Rhetoric is meant to move an audience toward a specific
understanding created by the speaker. Through rhetoric, I believe my
three artifacts have the ability to teach us about what they are capable of conveying to an audience. Since my key
term is design, each of my artifacts display elements of design that make the
viewer feel a certain way about it. In addition to feeling a specific emotion, design may be rhetorical enough to make an audience do something. This example is demonstrated through my first artifact, the layout of the Facebook
home screen shows elements of design by the way it is set up, including the
structure and colors. It is rhetorical because the specific design
persuades viewers to post a status (with encouraging words), check notifications
(with a bright red bubble), and click on posts with interesting content.

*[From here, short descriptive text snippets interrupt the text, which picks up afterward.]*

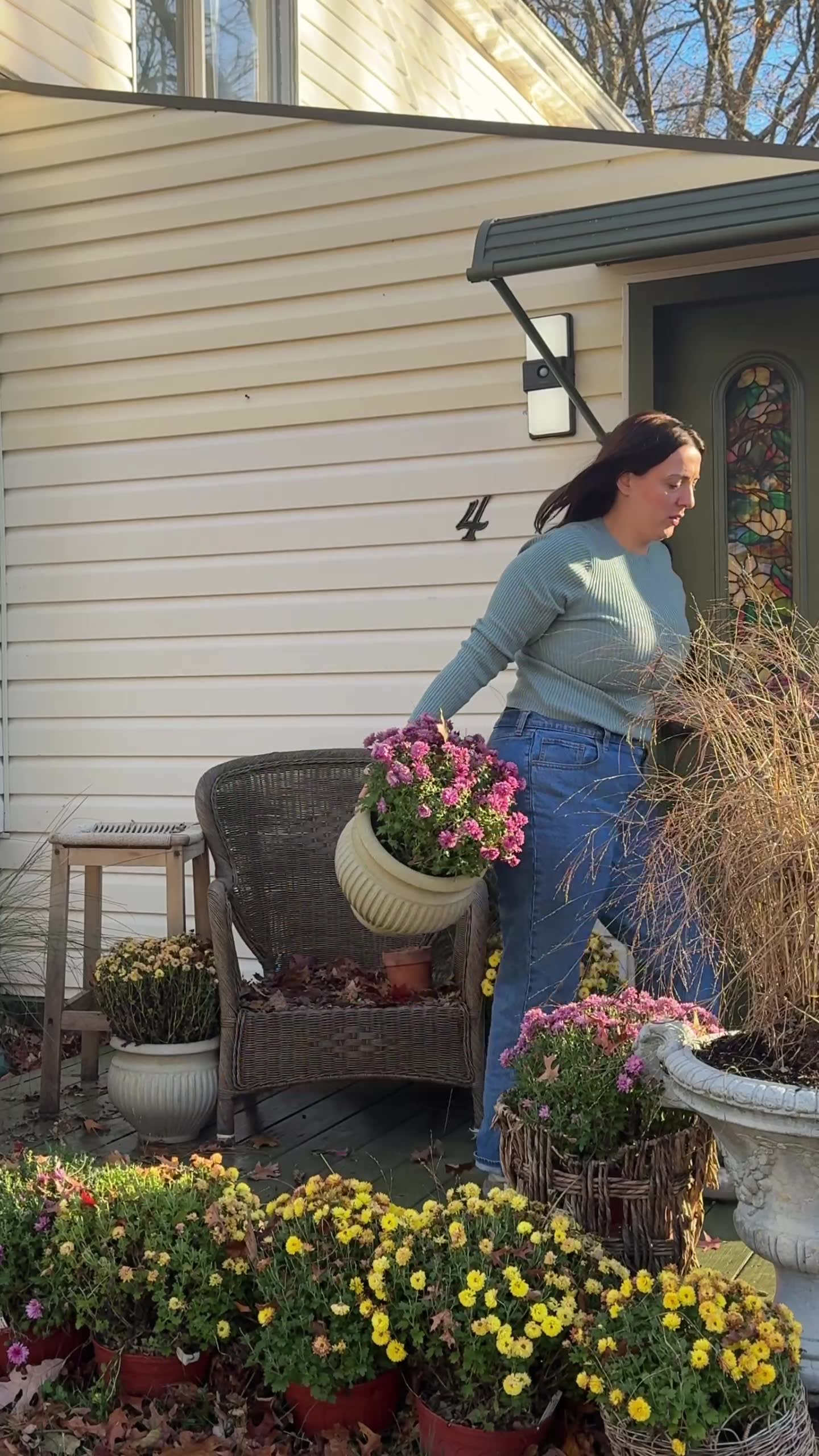 Medina on her front porch styled with fall mums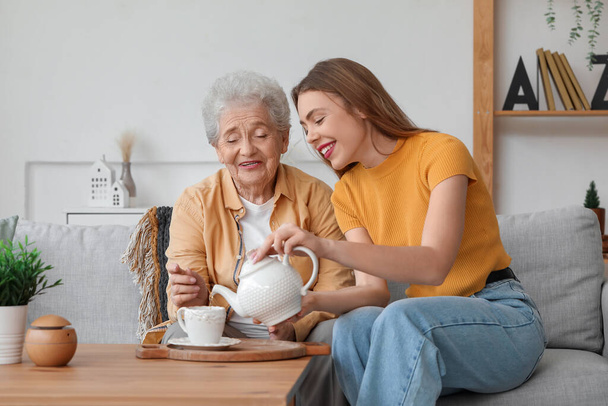 Genç bir kadın büyükannesi için fincana çay dolduruyor. - Fotoğraf, Görsel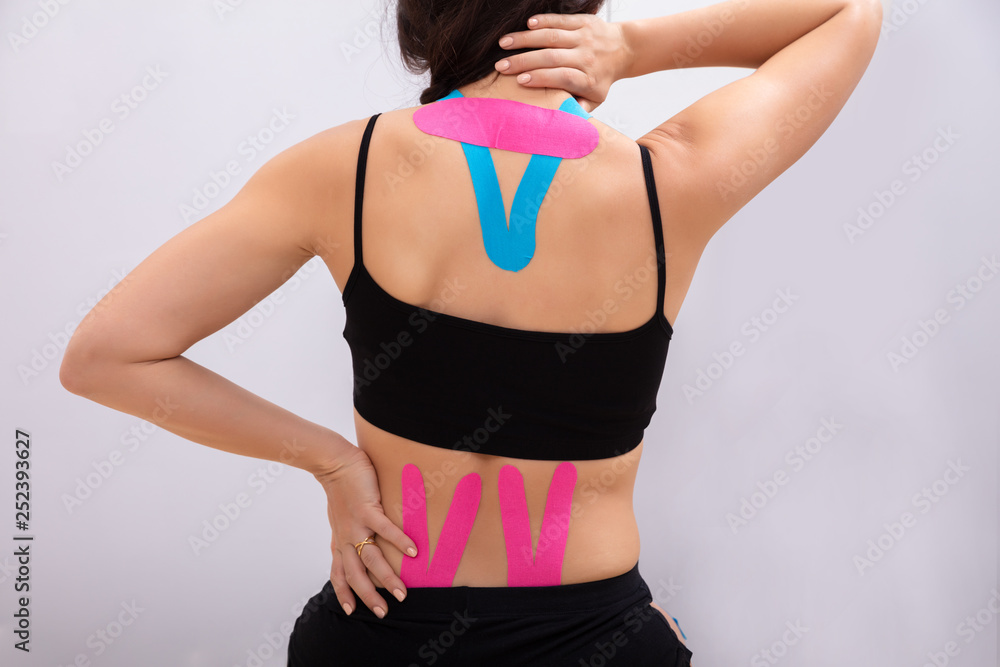 Rear View Of Woman With Physio Tape Rear View Of Woman With Physio Tape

With this last artifact, I specifically noticed a trend in Wysocki's artifacts
because a lot of them focused on digital visual rhetoric. It mentions the
importance of the strategic use of color, which I believe my artifact,
Facebook, uses by keeping a single simple color scheme on the front page. My second artifact,
"The Persistence of Memory" painted by Salvador Dali displays a melancholy
mood. It's rhetorical influence on the viewer is that it invokes negative
feelings, and might make the viewer feel down or upset. Another one of my
artifacts, a photo of the San Francisco Bridge, shows the intricate aspects of
design through architecture. It's rhetorical in a way that the
architecture conveys meaning to the viewer. I have yet to figure out this
specific meaning, but to me the defined structure of the bridge invokes feelings
of safety and security.
The
role of design in Wysocki’s article brings me to the conclusion that design is
effective in rhetoric by being visually appealing to the audience, and may be
culture specific. From Gladwell’s
article, I concluded that materials can give ethos to the author. Materials are not physical, but exist within
the minds of their creators. Edbauer’s
article leads me to conclude that circulation exists within a three-way
relationship between the sender, the receiver, and the text.
Using social media as an artifact definitely helps the viewer of the exhibit to understand this idea of Design on a more personal level; given that we can all relate to social media.